4 -O início e o termo do exercício de funções públicas são obrigatoriamente comunicados à Caixa Geral de Aposentações, I. P. (CGA, I. P.), pelos serviços, entidades ou empresas a que se refere o n.º 1 do artigo anterior no prazo máximo de 10 dias a contar dos mesmos, indicando igualmente o valor da remuneração a auferir, para que a CGA, I. P., possa suspender a pensão ou efetuar o pagamento do montante correspondente à diferença entre a remuneração e a pensão.
5 -São ainda obrigatoriamente comunicadas as alterações de remuneração no âmbito do exercício das funções públicas.
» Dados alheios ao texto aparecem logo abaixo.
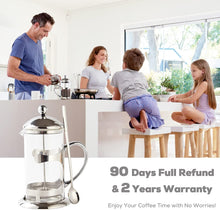 Load image into Gallery viewer, Silver French Press Coffee Maker, 34oz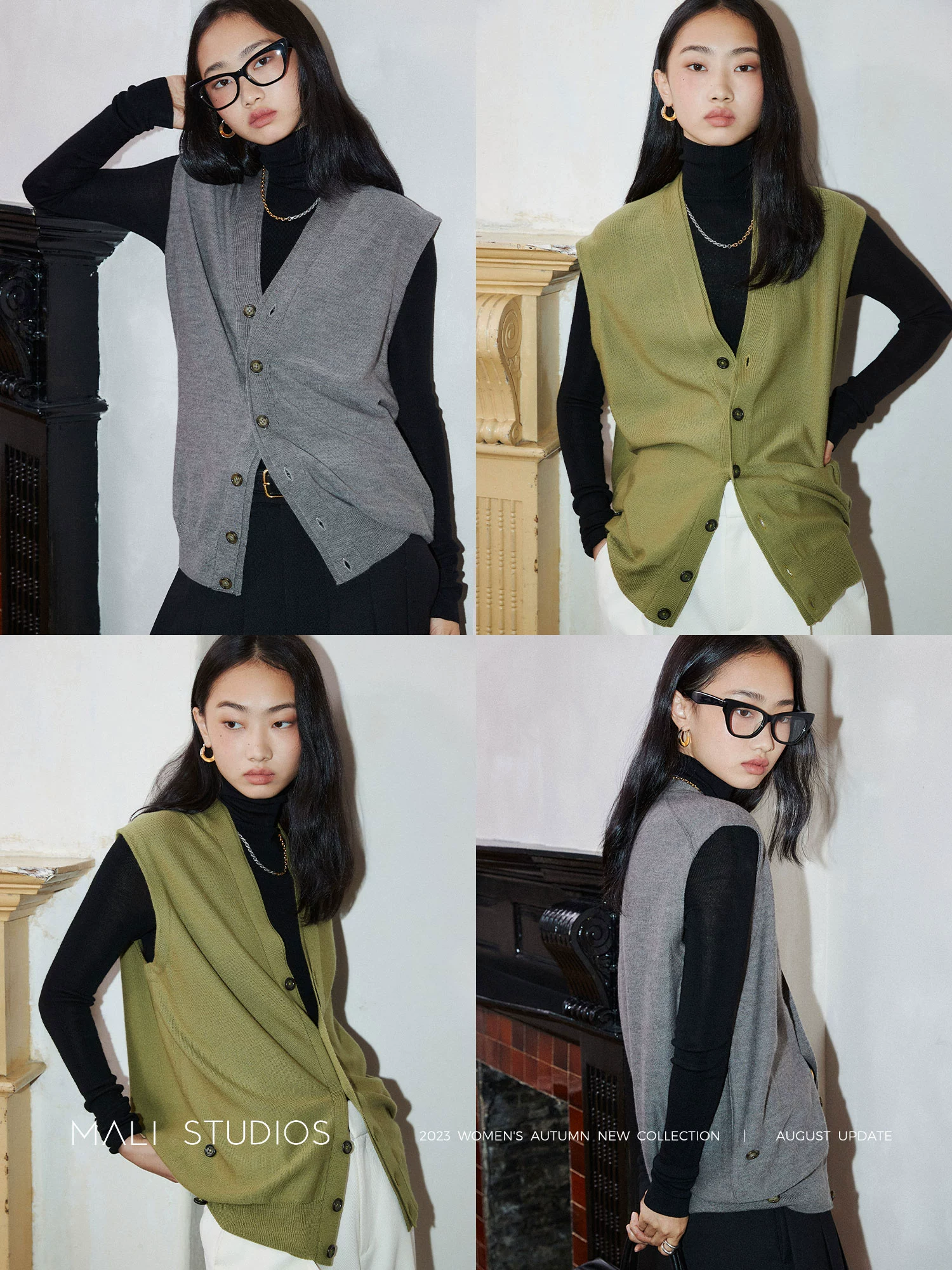 MALI|德国Biella極细羊毛_Nway解构不对称造型感开衫马甲 - Image 2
6 -O incumprimento pontual do dever de comunicação estabelecido nos números anteriores constitui o dirigente máximo do serviço, entidade ou empresa, pessoal e solidariamente responsável, juntamente com o aposentado, pelo reembolso à CGA, I. P., das importâncias que esta venha a abonar indevidamente em consequência daquela omissão.
7 -Em caso de realização de estudos, pareceres, projetos ou outros trabalhos especializados, de cariz meramente esporádico ou pontual, por aposentados, reformados, reservistas fora de efetividade e equiparados, estes mantêm a respetiva pensão, recebendo ainda a prestação única correspondente ao trabalho realizado.